- Conference: Mid-American Conference
- Record: 7–2 (4–2 MAC)
- Head coach: Doyt Perry (4th season);
- MVP: Harold Furcron
- Captain: Ray Reese
- Home stadium: University Stadium

= 1958 Bowling Green Falcons football team =

American college football season

The 1958 Bowling Green Falcons football team was an American football team that represented Bowling Green State University in the Mid-American Conference (MAC) during the 1958 college football season.

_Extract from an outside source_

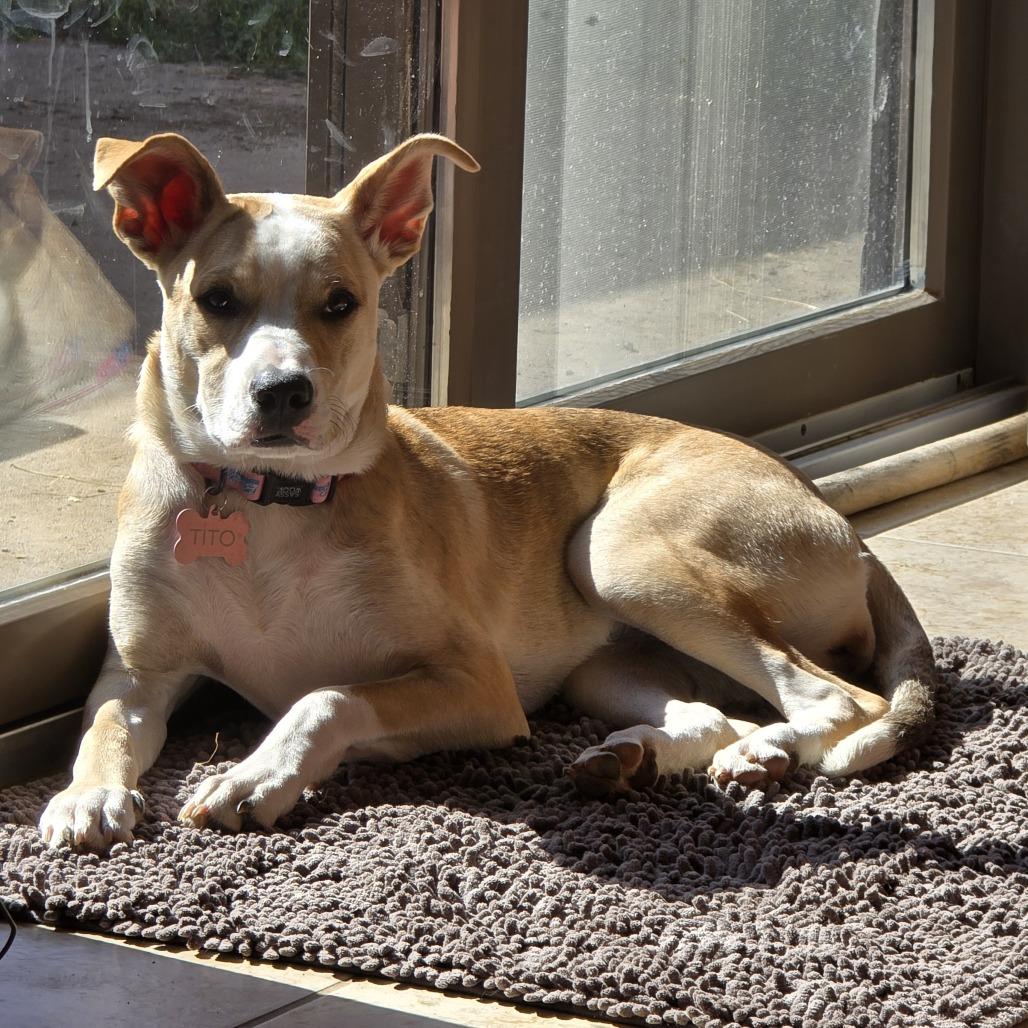 Enlarge Tito, a Adoptable Mixed Breed in Sioux Falls, SD image 4/6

In their fourth season under head coach Doyt Perry, the Falcons compiled a 7–2 record (4–2 against MAC opponents), finished in third place in the MAC, and outscored all opponents by a combined total of 218 to 91.

On November 8, the Falcons defeated Ohio, 33–6, starting an 18-game winning streak that continued until November 12, 1960. The streak remains the longest in Bowling Green history.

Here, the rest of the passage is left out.